Washington, D.C., partner and co-chair of the IP Group, Bob Stoll was recently quoted in an article in IAM titled, “No – the CAFC’s Judge Mayer has not just brought an end to software patents or anything close.”
While a series of decisions this summer – Enfish, Bascom and McRo – helped alleviate concerns from supporters of broader patent subject matter eligibility at the U.S. Court of Appeals for the Federal Circuit when it comes to “computer-implemented inventions,” Judge Haldane Robert Mayer’s comments in his written concurrence in Intellectual Venture v. Symantec have caused some to worry again.
Judge Mayer wrote: “Most of the First Amendment concerns associated with patent protection could be avoided if this court were willing to acknowledge that Alice sounded the death knell for software patents. Software lies in the antechamber of patent invention. Because generically-implemented software is an 'idea' insufficiently linked to any defining physical structure other than a standard computer, it is a precursor to technology rather than technology itself.”

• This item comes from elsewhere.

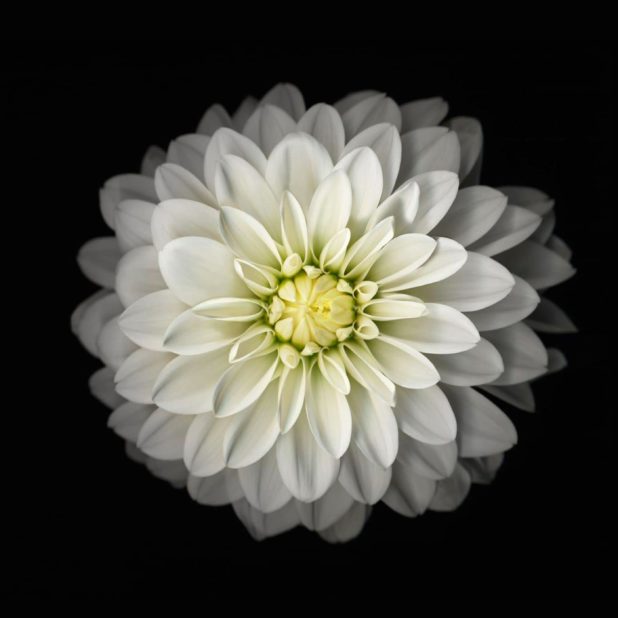 bunga hitam-putih iPhone8Plus Wallpaper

IAM asked Bob and other leading commentators in the patent community for their views on the significance of Judge Mayer’s words. Bob wrote:
“I am very concerned about that statement [on Alice sounding the death knell for software patents]. The Alice decision itself said that it was to be narrowly construed to the facts of the case. Alice clearly said that computer implemented processes were patentable subject matter and set forth a two-prong test. Further Alice confirmed that business methods could be patentable. Enfish, Bascom and McRO indisputably refute Mayer’s statement.”